Est-ce vraiment mal ?
Materialists en bref
Long story short, dans Materialists on suit Lucy, une match maker successful, qui trouve des compatibilités entre les profils de ses adhérents selon les critères qu’ils ont énoncés. Elle va découvrir de façon tragique qu’on ne connaît pas la véritable nature des gens seulement en se basant sur leurs aspects physiques et patrimoniaux. Il faut bien plus que des cases cochées des deux côtés pour une union heureuse. Lucy finira par remettre en question son seul et unique non-négociable : l’argent.
J’aurais aussi pu centrer cet article autour de l’anxiété financière qui l’a amenée à énoncer ce critère immuable.

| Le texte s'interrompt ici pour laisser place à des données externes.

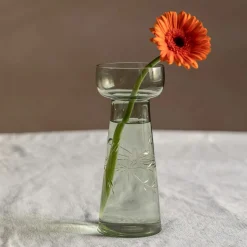 Graham & Green Large Etched Floral Green Glass Vase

Anxiété financière qui ne fait que croître et a un impact sur chacun d’entre nous. C’est sans doute pour cette raison que la fin est tant décriée… Mais en ce moment, je suis fleur bleue. Alors je vais me contenter de parler d’amour.
Materialists : satire du dating en 2025
On avait déjà un avant-goût de cet univers avec le film Hitch Expert en séduction. Cependant, dans le film de Celine Song, nous avons une vraie réflexion profonde autour du marché du dating.
Le mariage y est perçu comme une collaboration commerciale sensée profiter aux deux parties, faire fructifier leurs investissements et augmenter leur propre valeur. Dans cette configuration, les sentiments amoureux passent au second plan. Il est semble juste d’épouser quelqu’un qui répond à nos critères et partage notre vision de l’avenir même si l’Amour ne fait pas partie du tableau.
Valeur de marque et image perçue
Materialists présente l’Amour comme un marché dont les participants sont des produits (mainstream ou niche), des actifs financiers qu’il faut marketer et développer afin de les vendre à la bonne cible (ou à la cible convoitée).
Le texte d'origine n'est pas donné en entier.